Diesel Fuel Heaters
Many people know that, when buying a car, they will often have a choice between those powered by regular gasoline and those driven by diesel fuel. At the gas station, there are always a small percentage of diesel pumps as well.
What many people may not realize is that diesel fuel is not just for powering automobiles. In fact, there are a wide selection of portable diesel heaters that can be used to heat the home that work just as well as, if not better than, other forms of indoor heating, such as oil, natural gas, and propane.
What Is Diesel?
Diesel is a petroleum based crude oil that works in a manner similar to that of standard gasoline. Diesel fuel, however, is heavier and denser than gasoline.
While it is present in a small percentage of the automobile market, diesel fuel is a leading competitor in the home heating arena. When used in a diesel fuel heater, its increased density allows it to burn much hotter than gasoline, offering a more efficient heat output.
Types Of Diesel Fuel Heaters
While there are several types of diesel based heaters on the market, the two most common models are diesel infrared heaters and diesel forced air heaters.
In order to increase the versatility of these designs, they can sometimes be run on kerosene as well, an alternative fuel sometimes relied on during diesel shortages.
Diesel Infrared Heater
A diesel infrared heaters work in a manner similar to that of our sun. Instead of heating the air that surrounds us, the sun produces infrared rays that heat the objects around us, including our own bodies.

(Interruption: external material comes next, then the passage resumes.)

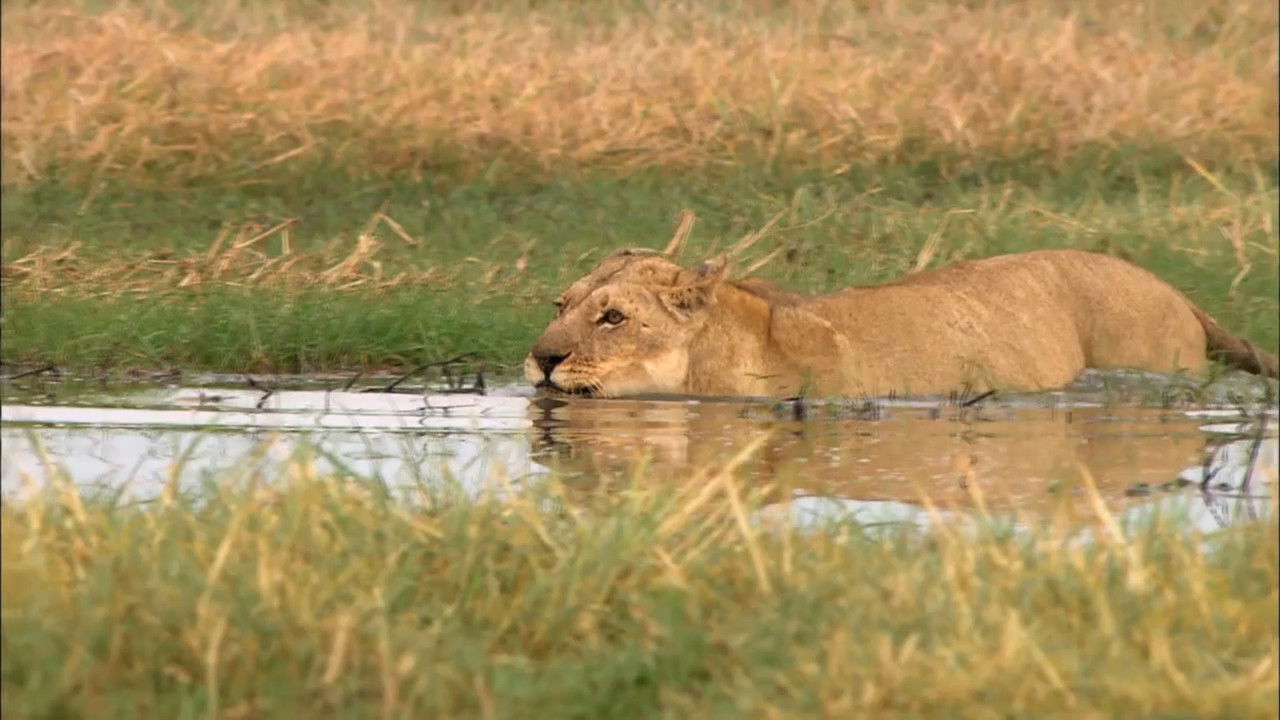 Swamp Lions backdrop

While it may feel like the air itself is being heated, that increase in temperature is caused by the heat being emitted from the objects that have been subjected to the infrared rays.

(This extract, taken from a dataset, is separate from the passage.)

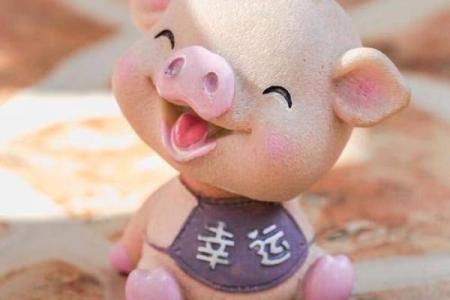 嗜酒如命的生肖：生肖猪的迷醉世界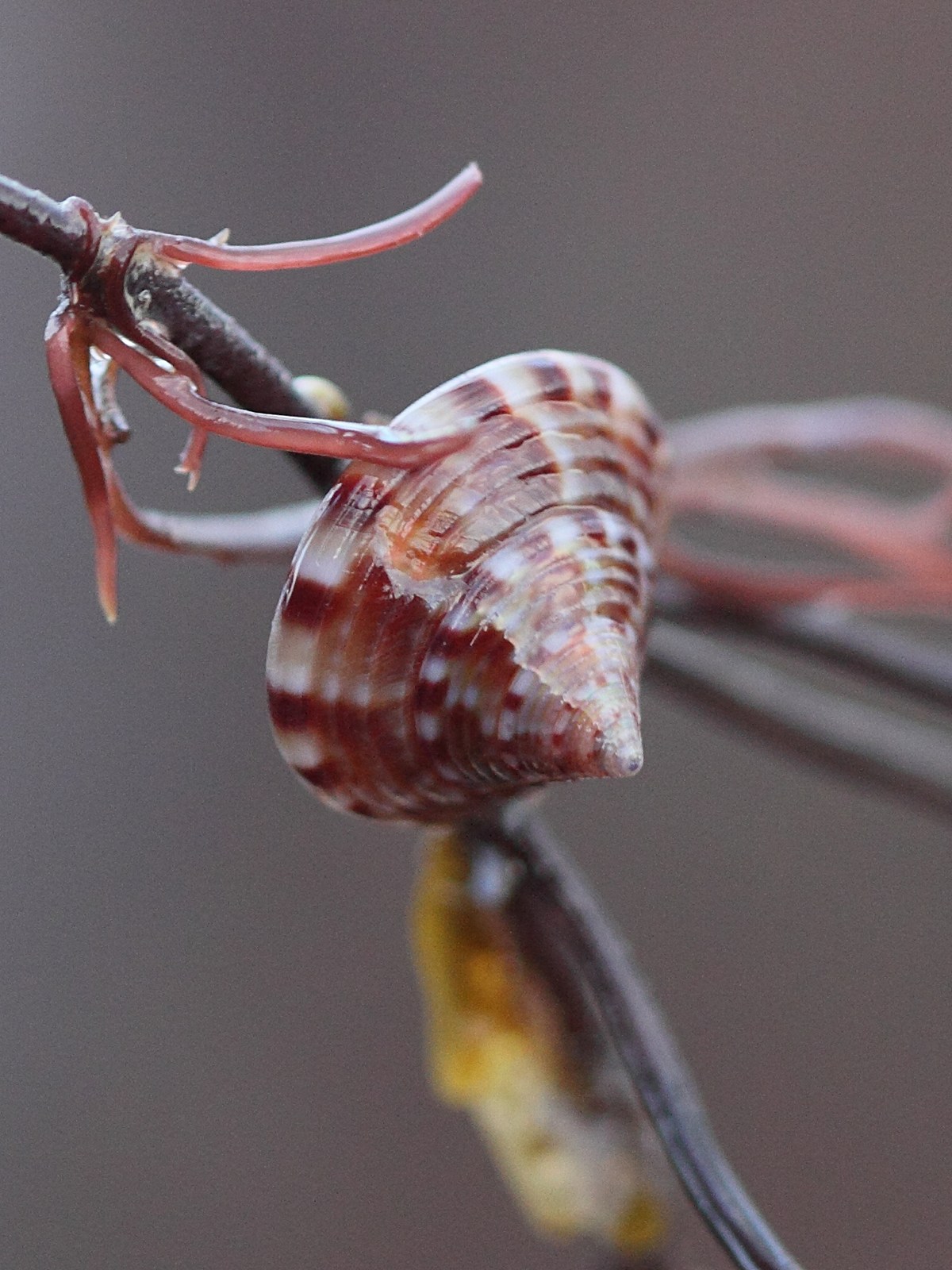 calliostoma_zyziphium4bd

Infrared heaters rely on the same technology to produce a highly efficient and effective method of heating a home. One of the main benefits to this type of heating is the fact that the heat output from the unit is felt almost immediately.
Since the heater is only affecting the objects around it, it takes much less time to begin creating the temperature changes. These types of infrared heaters also tend to be much more efficient, particularly in rooms that may be somewhat drafty or those open to other rooms in the house.

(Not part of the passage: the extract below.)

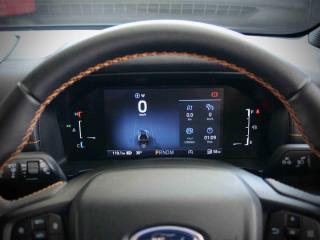 Ford Everest 3.0TD V6 4WD Wildtrak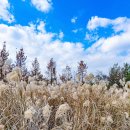 청계산수변공원 이미지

Infrared heaters are also ideal for outdoor use, being unaffected by wind and breezes that would disturb the heat distribution in a standard forced air heater.
This makes them popular for garages and workshops in particular. They can also be found frequently in use at outdoor tailgate parties, winter weddings, or other outdoor events in the colder months of the year.
For homeowners who take frequent advantage of outdoor patio space, infrared heaters allow them to continue to do so regardless of the temperature.
Small table top heaters are ideal for more intimate outdoor seating ares, while larger tower heaters can accommodate larger patio settings.
The downside to infrared heaters is that they can sometimes be ineffective in larger areas. Since they are meant to heat the objects around them, their reach can only extend to a certain area.
While there are a variety of infrared heater sizes on the market, the largest ones are still more limited in their heating area capacity than other styles.
Diesel Forced Air Heater
The most common style of heater that many homeowners are familiar with is a forced air heater. This design relies on diesel fuel to ignite and create a heat source.
That source is used to increase the temperature of a heating element within the unit, typically made from ceramic or metal. Once the heating element has reached optima temperature, a fan built into the unit begins to force air over the heating element and into the room.
As the air passes over and through the element, its temperature increases.
The fan also works to pull the cooler air within the room into the unit to be heated. This helps to better circulate the air into the room, creating a convection movement.
Forced air heaters are ideal for large rooms where little to no drafts are present.
Any drafts or breezes can potentially effect the air circulation and potentially disrupt the heating process. They are extremely affordable and effective, making them ideal for use in nearly any room in the home.
One of the primary downsides to forced air heaters is they do tend to dry the air out slightly more than an infrared unit. While not normally an issue, this can make a difference to those with sensitive nasal issues.